The comparator solution as drawn (both of them) require a split power rail. Otherwise the +ve input is never going to be able to go below the -ve one to switch the comparator.

For a single rail solution:-
It is better if the -ve input is wired to a mid point between +5V and ground provided by a potential divider of two equal resistors, of say 10K.



dc42


The comparator solution as drawn (both of them) require a split power rail. Otherwise the +ve input is never going to be able to go below the -ve one to switch the comparator.


The LM193 has a common mode input range that includes ground, because the input is a PNP emitter follower. The comparator in my circuit will quite happily switch when the inverting input goes negative by a few millivolts, which will happen when the input goes below -0.25v.
Formal verification of safety-critical software, software development, and electronic design and prototyping. See http://www.eschertech.com. Please do not ask for unpaid help via PM, use the forum.
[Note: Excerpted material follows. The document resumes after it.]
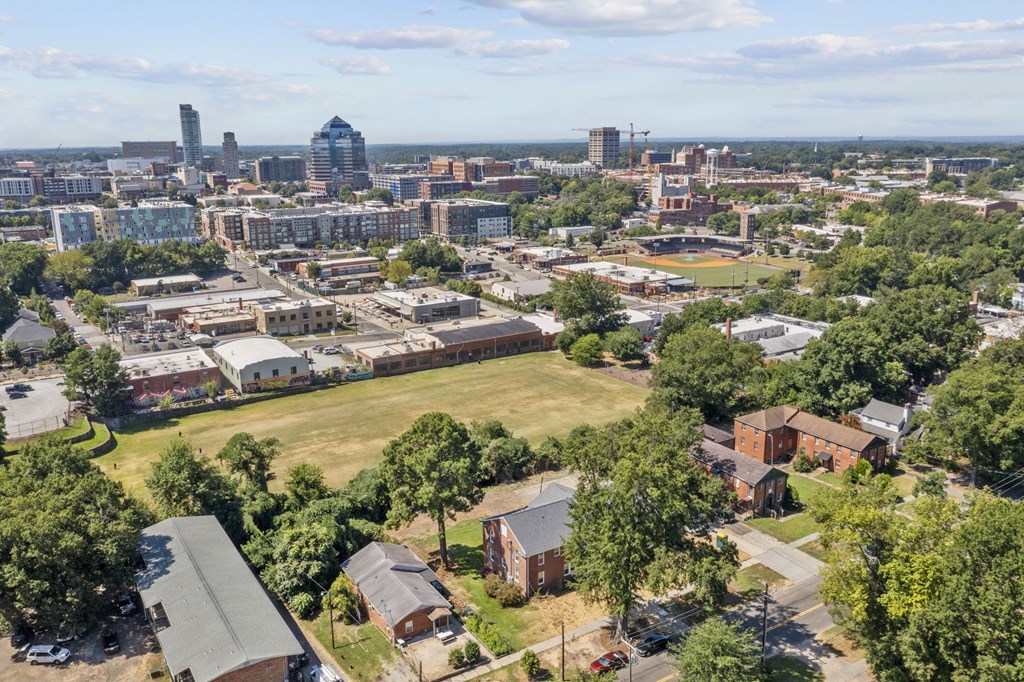 an aerial view of the city with a field in the foreground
Thanks for the explanation dc42.

About your circuit, I didn't understood the diodes protection very well.
You connected two diodes "inverted" to each other between the comparator inputs?
Isn't it just like wiring the inputs together? How does that work?

dc42


Thanks for the explanation dc42.

About your circuit, I didn't understood the diodes protection very well.
You connected two diodes "inverted" to each other between the comparator inputs?
Isn't it just like wiring the inputs together? How does that work?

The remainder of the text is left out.